TASK GOAL ::
Could you output each line below precisely as it stands, without the images?

COLLECTED MATERIAL ::

┄┄┄┄┄┄┄┄┄┄┄┄┄┄┄┄┄┄┄┄

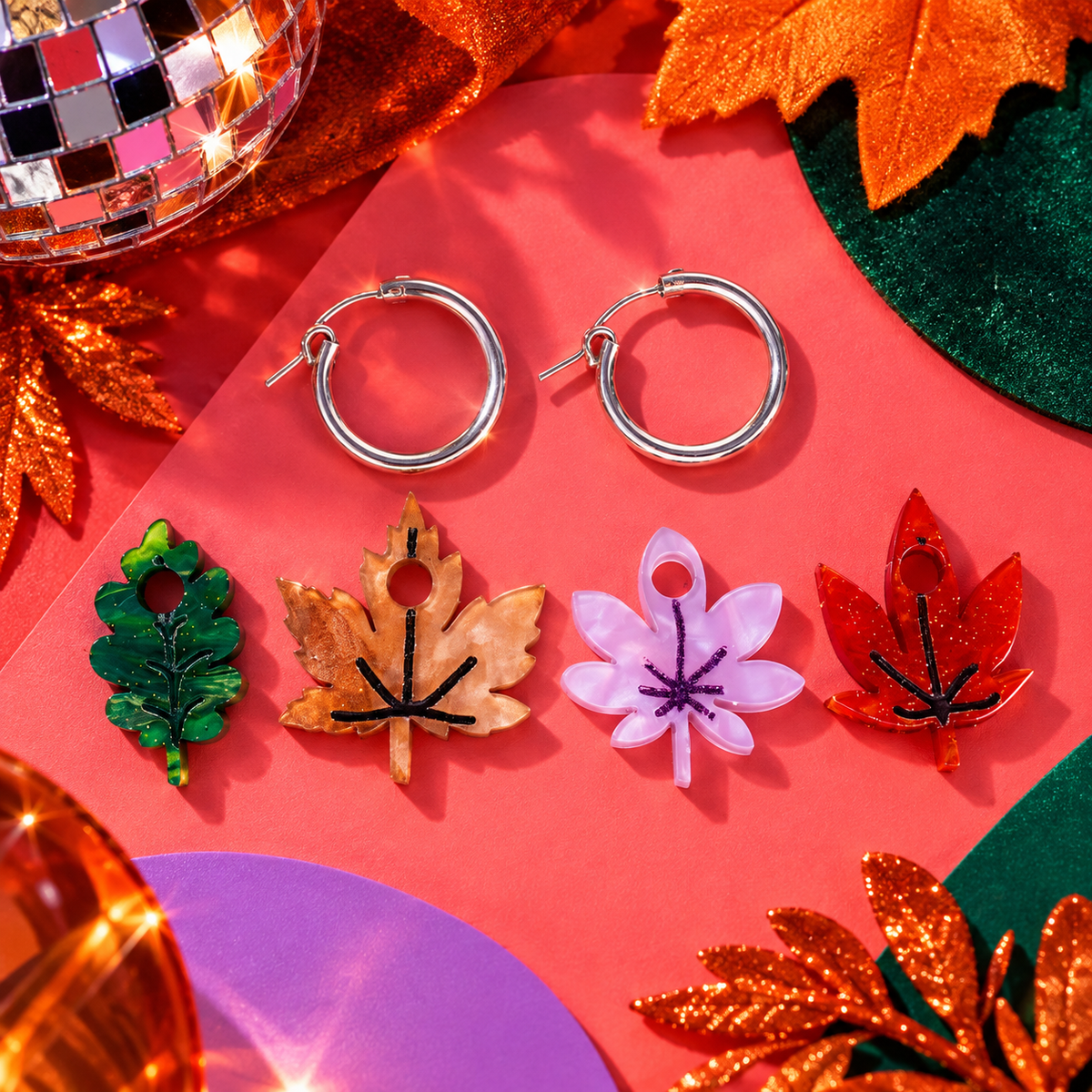 Autumnal Leaves hoop earrings with four colourful hand-painted leaf charms by Cuteryko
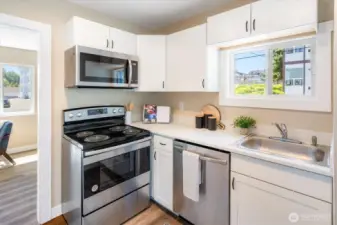 Detached Unit: Brand new stainless steel appliances, including an exterior-vented microwave for enhanced air quality. Photos from earlier listing in 2025.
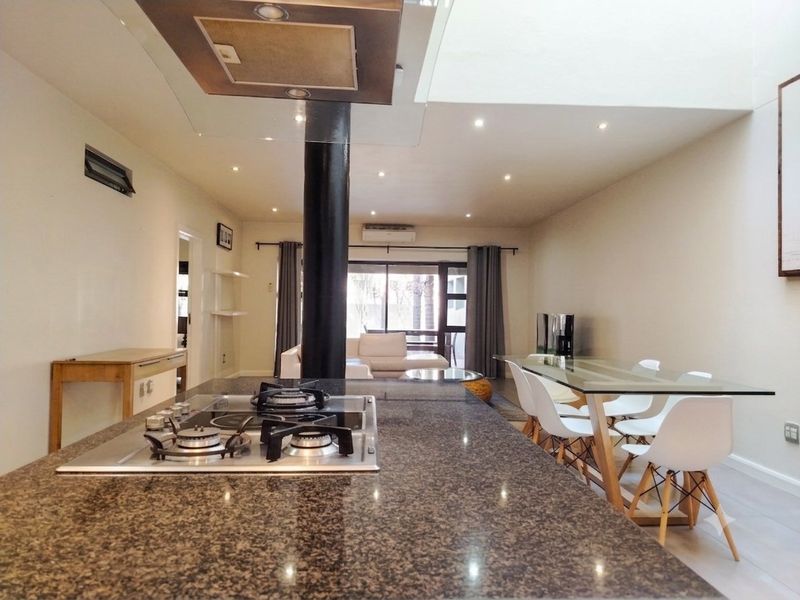Spacious open-plan living and dining area featuring a large granite kitchen island with a built-in gas hob and modern recessed lighting.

┄┄┄┄┄┄┄┄┄┄┄┄┄┄┄┄┄┄┄┄

EXERCISE RESULT ::
 Autumnal Leaves hoop earrings with four colourful hand-painted leaf charms by Cuteryko
 Detached Unit: Brand new stainless steel appliances, including an exterior-vented microwave for enhanced air quality. Photos from earlier listing in 2025.
Spacious open-plan living and dining area featuring a large granite kitchen island with a built-in gas hob and modern recessed lighting.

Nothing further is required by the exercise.